Gemeinsames Sorgerecht nicht immer im Sinne des Kindeswohls

OLG Brandenburg, Beschl. v. 26.06.2012 - 10 UF 45/12

Die Anordnung des gemeinsamen Sorgerechts zu Gunsten des nichtehelichen Vaters ohne Zustimmung der Mutter verbietet sich, wenn bei beiden Elternteilen so erhebliche Vorbehalte gegen den jeweils andern bestehen, dass ein vertrauensvolles Zusammenwirken im Interesse des Kindeswohls ausgeschlossen erscheint.

Darum geht es

Aus der nichtehelichen Beziehung der Beteiligten ist ein im Oktober 2008 geborenes Kind hervorgegangen, das seit der Trennung der Eltern im Oktober 2010 bei der Mutter lebt.

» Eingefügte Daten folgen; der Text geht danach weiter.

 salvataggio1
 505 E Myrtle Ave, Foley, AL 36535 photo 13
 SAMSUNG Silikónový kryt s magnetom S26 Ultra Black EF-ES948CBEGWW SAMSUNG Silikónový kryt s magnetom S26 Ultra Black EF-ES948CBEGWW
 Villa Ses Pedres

Der Vater hatte die Vaterschaft noch vor der Geburt wirksam anerkannt. Eine gemeinsame Sorgeerklärung gaben die Eltern nicht ab.

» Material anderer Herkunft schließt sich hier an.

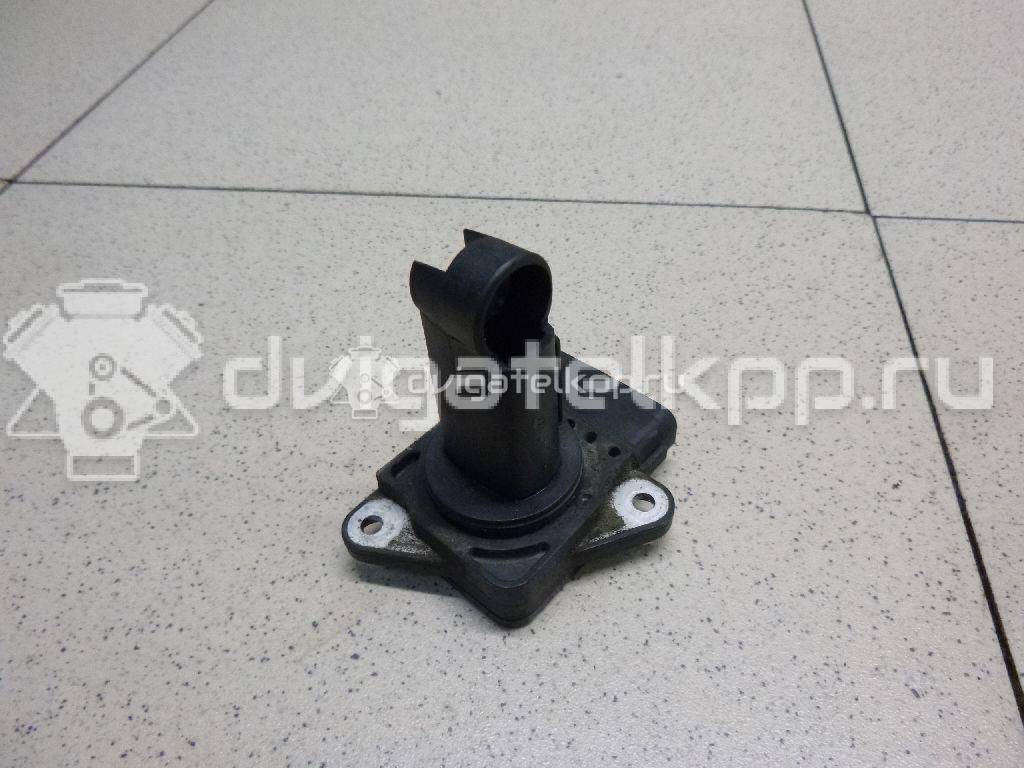 Фото Расходомер воздуха (массметр)  PHF000140 для Land Rover Freelander / Range Rover / Discovery {forloop.counter}}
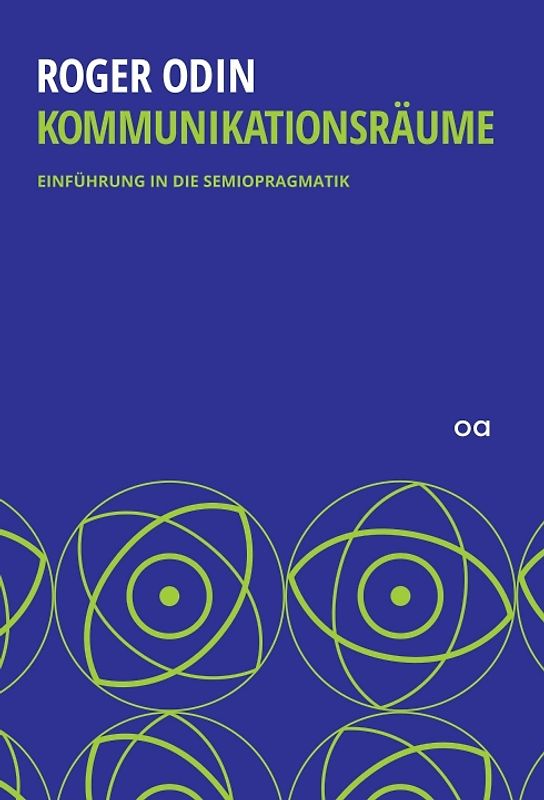 Kommunikationsräume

Im März 2011 kam es zwischen den Eltern mehrmals zu größeren Auseinandersetzungen und zum Streit über den Umgang des Vaters mit dem Kind. Ein von ihm eingeleitetes Umgangsverfahren endete kurz darauf mit einem Umgangsvergleich. Seitdem hat der Vater regelmäßig und Wochenend-, Feiertags- und Ferienumgang.

In dem vorliegenden vom Vater gleichzeitig eingeleiteten Sorgerechtsverfahren hat das AG im Februar 2012 angeordnet, dass die elterliche Sorge für das Kind zukünftig gemeinsam ausgeübt wird. Nach Meinung des AG hat ein Termin bei einer Familien- und Erziehungsberatung zwar zu keiner Verbesserung der Kommunikation über das gemeinsame Kind geführt. Es sei jedoch davon auszugehen, dass durch weitere Beratung und eine zunächst schriftliche Kommunikation zwischen den Eltern eine weitere Entspannung eintrete. Dafür spreche auch der Umstand, dass die Eltern ihre unterschiedlichen Meinungen nicht vor dem Kind austauschen würden.

Wesentliche Entscheidungsgründe

Auf die Beschwerde der Mutter hebt das OLG den Beschluss auf und weist den Antrag des Vaters zurück.

Nachdem das BVerfG (Beschl. v. 21.07.2010 - 1 BvR 420/09, FamRZ 2010, 1403) die Regelungen der §§ 1626a Abs. 1 Nr. 1 und 1672 Abs. 1 BGB für unvereinbar mit Art. 6 Abs. 2 GG erklärt hat, sind sie weder nichtig noch generell unanwendbar. Der Gesetzgeber ist aufgerufen, für den bisher nicht sorgeberechtigten Vater eine Möglichkeit der gerichtlichen Überprüfung zu schaffen, ob er aus Gründen des Kindeswohls an der elterlichen Sorge zu beteiligen oder ihm - in Abwägung seines Elternrechts mit dem der Mutter - sogar die alleinige Sorge für das Kind zu übertragen ist. Jedoch dürfen die Zugangsvoraussetzungen für die gemeinsame Sorge nicht zu hoch angesetzt werden.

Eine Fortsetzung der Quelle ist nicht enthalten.